The whine returned, more insistently this time. Then I saw it: a tiny red-and-white fleck high in the western sky, droning my way.

A few minutes later the plane passed directly overhead. The pilot, however, was unaccustomed to glacier flying, and he’d badly misjudged the scale of the terrain. Worried about flying too low and getting nailed by unexpected turbulence, he stayed at least a thousand feet above me-believing all the while he was just off the deck-and never saw my tent in the flat evening light. My waving and screaming were to no avail; from his altitude, I was indistinguishable from a pile of rocks. For the next hour he circled the ice cap, scanning its barren contours without success. But the pilot, to his credit, appreciated the gravity of my predicament and didn’t give up. Frantic, I tied my sleeping bag to the end of one of the curtain rods and waved it for all I was worth. The plane banked sharply and headed straight at me.

The pilot buzzed my tent three times in quick succession, dropping two boxes on each pass; then the airplane disappeared over a ridge, and I was alone. As silence again settled over the glacier, I felt abandoned, vulnerable, lost. I realized that I was sobbing. Embarrassed, I halted the blubbering by screaming obscenities until I grew hoarse.

I awoke early on May 11 to clear skies and the relatively warm temperature of twenty degrees Fahrenheit. Startled by the good weather, mentally unprepared to commence the actual climb, I hurriedly packed up a rucksack nonetheless and began skiing toward the base of the Thumb. Two previous Alaska expeditions had taught me that I couldn’t afford to waste a rare day of perfect weather.

A small hanging glacier extends out from the lip of the ice cap, leading up and across the north face of the Thumb like a catwalk. My plan was to follow this catwalk to a prominent rock prow in the center of the wall and thereby execute an end run around the ugly, avalanche-swept lower half of the face.

The catwalk turned out to be a series of fifty-degree ice fields blanketed with knee-deep powder snow and riddled with crevasses. The depth of the snow made the going slow and exhausting; by the time I front-pointed up the overhanging wall of the uppermost bergschrund, some three or four hours after leaving camp, I was thrashed. And I hadn’t even gotten to the real climbing yet. That would begin immediately above, where the hanging glacier gives way to vertical rock.

The rock, exhibiting a dearth of holds and coated with six inches of crumbly rime, did not look promising, but just left of the main prow was a shallow corner glazed with frozen meltwa-ter. This ribbon of ice led straight up for three hundred feet, and if the ice proved substantial enough to support the picks of my ice axes, the route might be feasible. I shuffled over to the bottom of the corner and gingerly swung one of my tools into the two-inch-thick ice. Solid and plastic, it was thinner than I would have liked but otherwise encouraging.

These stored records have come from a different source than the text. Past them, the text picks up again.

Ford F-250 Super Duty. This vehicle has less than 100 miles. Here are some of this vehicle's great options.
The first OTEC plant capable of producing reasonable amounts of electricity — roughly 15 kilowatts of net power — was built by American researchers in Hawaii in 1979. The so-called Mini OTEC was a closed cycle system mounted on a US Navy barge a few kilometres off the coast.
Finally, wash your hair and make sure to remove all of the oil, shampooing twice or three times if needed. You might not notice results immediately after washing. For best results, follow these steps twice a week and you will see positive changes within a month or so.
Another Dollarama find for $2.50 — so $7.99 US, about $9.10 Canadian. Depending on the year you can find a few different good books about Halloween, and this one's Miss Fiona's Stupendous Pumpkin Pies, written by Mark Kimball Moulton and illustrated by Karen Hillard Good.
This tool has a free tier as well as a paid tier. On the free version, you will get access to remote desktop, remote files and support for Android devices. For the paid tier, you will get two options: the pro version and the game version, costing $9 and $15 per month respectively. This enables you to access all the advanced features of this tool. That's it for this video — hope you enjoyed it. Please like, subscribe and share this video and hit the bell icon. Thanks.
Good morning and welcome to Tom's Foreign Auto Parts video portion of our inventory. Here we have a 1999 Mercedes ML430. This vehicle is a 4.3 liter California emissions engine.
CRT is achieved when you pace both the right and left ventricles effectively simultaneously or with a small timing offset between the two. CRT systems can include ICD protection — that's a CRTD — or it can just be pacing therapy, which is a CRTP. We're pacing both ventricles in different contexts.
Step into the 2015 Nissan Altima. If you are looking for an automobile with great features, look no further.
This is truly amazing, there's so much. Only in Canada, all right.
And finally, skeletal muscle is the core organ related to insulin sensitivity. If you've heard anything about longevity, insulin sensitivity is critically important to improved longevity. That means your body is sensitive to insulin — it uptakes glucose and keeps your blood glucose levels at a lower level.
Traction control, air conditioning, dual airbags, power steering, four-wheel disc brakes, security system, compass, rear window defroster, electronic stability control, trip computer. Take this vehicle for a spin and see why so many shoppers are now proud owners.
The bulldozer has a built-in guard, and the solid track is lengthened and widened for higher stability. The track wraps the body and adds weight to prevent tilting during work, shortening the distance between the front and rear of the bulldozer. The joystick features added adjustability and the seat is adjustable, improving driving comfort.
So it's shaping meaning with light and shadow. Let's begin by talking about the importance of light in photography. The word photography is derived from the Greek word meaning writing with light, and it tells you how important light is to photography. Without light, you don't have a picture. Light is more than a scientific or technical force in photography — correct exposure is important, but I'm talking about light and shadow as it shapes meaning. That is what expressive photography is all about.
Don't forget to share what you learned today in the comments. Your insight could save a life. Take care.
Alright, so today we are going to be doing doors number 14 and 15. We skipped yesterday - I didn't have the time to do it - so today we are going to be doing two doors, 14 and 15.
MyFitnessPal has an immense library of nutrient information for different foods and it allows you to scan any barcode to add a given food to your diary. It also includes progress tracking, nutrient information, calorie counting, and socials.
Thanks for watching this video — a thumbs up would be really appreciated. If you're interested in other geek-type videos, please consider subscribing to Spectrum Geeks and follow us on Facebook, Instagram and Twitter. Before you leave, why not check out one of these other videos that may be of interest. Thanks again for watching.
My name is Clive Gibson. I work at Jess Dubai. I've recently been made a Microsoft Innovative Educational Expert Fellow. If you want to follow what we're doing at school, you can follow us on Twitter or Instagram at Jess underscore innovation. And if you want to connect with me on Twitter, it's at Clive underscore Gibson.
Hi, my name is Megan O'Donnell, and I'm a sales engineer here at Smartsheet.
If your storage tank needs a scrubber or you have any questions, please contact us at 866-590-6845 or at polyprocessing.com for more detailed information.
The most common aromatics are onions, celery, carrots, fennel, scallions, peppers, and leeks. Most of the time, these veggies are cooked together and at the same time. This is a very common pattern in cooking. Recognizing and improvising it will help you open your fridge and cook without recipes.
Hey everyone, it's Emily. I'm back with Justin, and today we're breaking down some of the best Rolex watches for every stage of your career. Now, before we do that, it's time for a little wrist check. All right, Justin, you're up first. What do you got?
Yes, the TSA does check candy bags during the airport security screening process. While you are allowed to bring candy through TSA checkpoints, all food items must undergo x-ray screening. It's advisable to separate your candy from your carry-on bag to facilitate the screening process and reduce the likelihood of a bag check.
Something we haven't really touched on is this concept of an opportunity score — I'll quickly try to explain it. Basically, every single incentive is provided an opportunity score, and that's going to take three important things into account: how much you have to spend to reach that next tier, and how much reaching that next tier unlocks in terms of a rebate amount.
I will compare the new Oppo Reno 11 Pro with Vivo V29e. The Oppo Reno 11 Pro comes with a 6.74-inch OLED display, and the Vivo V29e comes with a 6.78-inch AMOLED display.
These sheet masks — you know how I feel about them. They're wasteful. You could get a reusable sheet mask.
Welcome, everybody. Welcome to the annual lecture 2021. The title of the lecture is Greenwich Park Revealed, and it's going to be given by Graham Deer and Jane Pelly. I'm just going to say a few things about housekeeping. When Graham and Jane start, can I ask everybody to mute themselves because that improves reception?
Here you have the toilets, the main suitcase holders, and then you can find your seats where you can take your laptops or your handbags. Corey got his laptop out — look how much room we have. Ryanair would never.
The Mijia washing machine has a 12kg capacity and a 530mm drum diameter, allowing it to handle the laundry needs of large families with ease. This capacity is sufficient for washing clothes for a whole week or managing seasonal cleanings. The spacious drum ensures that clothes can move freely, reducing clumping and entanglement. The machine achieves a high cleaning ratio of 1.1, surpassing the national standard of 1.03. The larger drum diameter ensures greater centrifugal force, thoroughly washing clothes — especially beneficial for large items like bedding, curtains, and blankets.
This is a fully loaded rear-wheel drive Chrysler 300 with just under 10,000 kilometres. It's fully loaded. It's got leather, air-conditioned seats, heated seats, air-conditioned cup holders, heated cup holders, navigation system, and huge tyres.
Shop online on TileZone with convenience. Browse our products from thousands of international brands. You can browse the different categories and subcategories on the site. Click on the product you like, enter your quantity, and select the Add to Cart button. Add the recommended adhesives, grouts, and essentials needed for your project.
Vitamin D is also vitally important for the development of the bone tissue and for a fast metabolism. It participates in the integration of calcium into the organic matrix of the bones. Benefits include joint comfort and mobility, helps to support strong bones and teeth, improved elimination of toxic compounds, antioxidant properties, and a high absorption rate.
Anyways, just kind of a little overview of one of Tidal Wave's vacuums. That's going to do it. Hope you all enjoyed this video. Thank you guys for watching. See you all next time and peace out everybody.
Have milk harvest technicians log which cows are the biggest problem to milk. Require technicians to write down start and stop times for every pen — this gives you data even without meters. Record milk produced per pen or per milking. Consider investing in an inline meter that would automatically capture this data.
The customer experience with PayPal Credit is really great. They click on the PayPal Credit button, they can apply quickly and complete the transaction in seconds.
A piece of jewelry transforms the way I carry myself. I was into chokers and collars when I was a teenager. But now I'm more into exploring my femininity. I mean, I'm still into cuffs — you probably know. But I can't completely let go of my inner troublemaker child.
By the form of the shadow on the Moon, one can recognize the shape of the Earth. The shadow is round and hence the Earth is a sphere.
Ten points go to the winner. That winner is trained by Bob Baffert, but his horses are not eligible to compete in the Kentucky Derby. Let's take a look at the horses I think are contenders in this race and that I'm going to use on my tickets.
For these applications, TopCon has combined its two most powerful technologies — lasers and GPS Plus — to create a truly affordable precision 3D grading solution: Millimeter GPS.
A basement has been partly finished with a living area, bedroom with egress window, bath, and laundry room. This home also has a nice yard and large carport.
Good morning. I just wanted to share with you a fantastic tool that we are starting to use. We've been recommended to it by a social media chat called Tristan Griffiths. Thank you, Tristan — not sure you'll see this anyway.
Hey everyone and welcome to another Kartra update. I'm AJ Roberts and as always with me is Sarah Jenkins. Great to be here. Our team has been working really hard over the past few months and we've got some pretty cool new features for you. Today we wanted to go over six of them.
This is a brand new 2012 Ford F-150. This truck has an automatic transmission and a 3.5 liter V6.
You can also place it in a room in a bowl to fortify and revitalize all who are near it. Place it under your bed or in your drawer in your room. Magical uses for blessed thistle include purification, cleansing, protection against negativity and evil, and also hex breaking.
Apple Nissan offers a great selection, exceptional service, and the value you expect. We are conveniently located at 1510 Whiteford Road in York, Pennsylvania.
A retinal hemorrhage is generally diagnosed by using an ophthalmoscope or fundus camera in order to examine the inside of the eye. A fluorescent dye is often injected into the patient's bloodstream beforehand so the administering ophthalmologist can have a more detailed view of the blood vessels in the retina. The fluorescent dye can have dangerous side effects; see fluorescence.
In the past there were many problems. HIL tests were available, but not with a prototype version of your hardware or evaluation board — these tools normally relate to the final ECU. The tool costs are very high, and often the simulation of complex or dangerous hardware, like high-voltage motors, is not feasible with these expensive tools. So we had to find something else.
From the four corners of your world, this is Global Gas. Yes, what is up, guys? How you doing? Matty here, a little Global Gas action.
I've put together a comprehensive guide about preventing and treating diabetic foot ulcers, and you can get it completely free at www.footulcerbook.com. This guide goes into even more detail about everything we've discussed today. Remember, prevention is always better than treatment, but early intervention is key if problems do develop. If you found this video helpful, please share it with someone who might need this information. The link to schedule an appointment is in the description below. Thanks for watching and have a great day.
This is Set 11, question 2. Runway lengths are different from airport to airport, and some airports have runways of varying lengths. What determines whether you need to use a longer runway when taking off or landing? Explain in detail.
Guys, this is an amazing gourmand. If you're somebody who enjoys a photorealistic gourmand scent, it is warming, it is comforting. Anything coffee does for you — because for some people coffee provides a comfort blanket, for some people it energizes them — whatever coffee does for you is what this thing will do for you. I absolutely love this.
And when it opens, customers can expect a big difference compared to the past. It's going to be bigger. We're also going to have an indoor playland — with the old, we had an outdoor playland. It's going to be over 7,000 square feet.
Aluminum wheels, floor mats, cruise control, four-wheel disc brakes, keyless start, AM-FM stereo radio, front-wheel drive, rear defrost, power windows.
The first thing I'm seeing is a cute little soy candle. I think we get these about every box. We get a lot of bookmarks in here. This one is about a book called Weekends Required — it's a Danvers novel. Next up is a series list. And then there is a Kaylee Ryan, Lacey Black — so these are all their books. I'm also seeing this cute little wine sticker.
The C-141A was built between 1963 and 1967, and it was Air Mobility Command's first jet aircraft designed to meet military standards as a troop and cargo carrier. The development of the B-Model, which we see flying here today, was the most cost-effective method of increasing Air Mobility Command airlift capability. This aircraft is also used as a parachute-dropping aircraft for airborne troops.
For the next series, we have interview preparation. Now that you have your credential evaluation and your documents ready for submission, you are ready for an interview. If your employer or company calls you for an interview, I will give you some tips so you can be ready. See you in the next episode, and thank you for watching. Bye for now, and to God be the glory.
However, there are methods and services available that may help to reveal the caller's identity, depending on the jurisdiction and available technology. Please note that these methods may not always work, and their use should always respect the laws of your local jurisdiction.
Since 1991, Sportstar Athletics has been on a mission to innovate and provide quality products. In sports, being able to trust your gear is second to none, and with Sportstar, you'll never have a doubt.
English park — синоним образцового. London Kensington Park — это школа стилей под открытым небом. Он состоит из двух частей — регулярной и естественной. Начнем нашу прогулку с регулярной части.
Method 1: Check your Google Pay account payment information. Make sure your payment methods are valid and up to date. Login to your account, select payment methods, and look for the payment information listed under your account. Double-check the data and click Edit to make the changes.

The climbing was steep and so exposed it made my head spin. Beneath my Vibram soles the wall fell away for three thousand feet to the dirty, avalanche-scarred cirque of the Witches Cauldron Glacier. Above, the prow soared with authority toward the summit ridge, a vertical half mile above. Each time I planted one of my ice axes, that distance shrank by another twenty inches.

All that held me to the mountainside, all that held me to the world, were two thin spikes of chrome molybdenum stuck half an inch into a smear of frozen water, yet the higher I climbed, the more comfortable I became. Early on a difficult climb, especially a difficult solo climb, you constantly feel the abyss pulling at your back. To resist takes a tremendous conscious effort; you don’t dare let your guard down for an instant. The siren song of the void puts you on edge; it makes your movements tentative, clumsy, herky-jerky. But as the climb goes on, you grow accustomed to the exposure, you get used to rubbing shoulders with doom, you come to believe in the reliability of your hands and feet and head. You learn to trust your self-control.

By and by your attention becomes so intensely focused that you no longer notice the raw knuckles, the cramping thighs, the strain of maintaining nonstop concentration. A trancelike state settles over your efforts; the climb becomes a clear-eyed dream.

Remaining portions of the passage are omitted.